REPUBLIKA.CO.ID, MALANG -- Pengamat Politik dari Universitas Brawijaya (UB), Wawan Sobari mengaku khawatir tingkat partisipasi politik warga Kota Malang menurun pada Pilwali 2018. Terlebih lagi dua dari tiga calon wali kota Malang telah ditetapkan sebagai tersangka korupsi oleh Komisi Pemberantasan Korupsi (KPK) beberapa waktu lalu.
"Saya pernah berbicara dengan wong cilik (rakyat kecil) dengan ojek, sopir, pedagang dan sebagainya. Kepercayaan publik pada pemerintah atau calon wali kota terlihat menurun," kata Wawan saat diskusi publik di DPRD Kota Malang, Selasa (27/3).
Melihat hal ini, Wawan mengaku sangat khawatir efek tingkat partisipasi politik warga Malang menurun. Apalagi, dia melanjutkan, Kota Malang ditargetkan dapat mencapai 70 persen tingkat partisipasi politik pada Pilkada 2018.
Sementara dari target nasional, partisipasi politik masyarakat Indonesia diharapkan mencapai 77,5 persen. "Dan saya rasa masalah ini butuh disiasati oleh tim sukses dan KPU," tegas Wawan.

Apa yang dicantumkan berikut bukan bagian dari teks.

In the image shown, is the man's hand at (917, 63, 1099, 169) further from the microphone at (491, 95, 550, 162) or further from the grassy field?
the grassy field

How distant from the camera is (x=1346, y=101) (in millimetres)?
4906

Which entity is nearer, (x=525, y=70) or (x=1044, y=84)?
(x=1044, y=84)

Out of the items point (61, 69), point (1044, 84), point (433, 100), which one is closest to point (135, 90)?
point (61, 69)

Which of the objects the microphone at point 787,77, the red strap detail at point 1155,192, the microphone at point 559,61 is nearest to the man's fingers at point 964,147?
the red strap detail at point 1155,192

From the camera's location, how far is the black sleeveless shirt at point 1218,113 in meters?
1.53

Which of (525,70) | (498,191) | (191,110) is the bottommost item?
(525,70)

Seperti diketahui, KPK telah menetapkan 19 tersangka baru di ranah pejabat Kota Malang atas dugaan korupsi APBD-P TA 2015. Dari 19 tersangka, dua di antaranya telah ditetapkan sebagai calon wali kota Malang pada Pilwali 2018. Kedua calon tersebut, yakni Mohammad Anton dan Yaqub Ananda Gudban.
Menurut Wawan, partisipasi politik warga Malang harus berjalan normal meski kasus korupsi terus berjalan. Partisipasi penting karena bagaimana pun juga mereka tetap akan merasakan efek kebijakan dari wali kota terpilih nanti. Nasib lima tahun ke depan tetap harus ditentukan oleh warga Malang ke depannya.
Wawan berpendapat, tim sukses calon wali kota Malang harus bisa mengembalikan emosional dan daya tariknya pada warga. Kasus penetapan tersangka harus mampu ditutupi sehingga partisipasi masyarakat tak menurun.
Berbagai startegi harus dipersiapkan tim sukses termasuk KPU agar kondisi tersebut tak terjadi ke depannya. Meski kasus korupsi masih ramai diperbincangkan, Wawan justru skeptis isu ini akan tetap menguat hingga hari pencoblosan.
Hal ini diungkapkan mengingat karakter masyarakat Indonesia yang mudah tersentuh, kasihan sehingga sisi emosional lebih ditonjolkan. "Kalau sekarang efeknya masih sangat kuat, hari pencoblosan bisa berubah. Kalau di bilik suara mungkin dia berpikir dulu pernah salaman atau apa, maka itu dicoblos saja," tegasnya.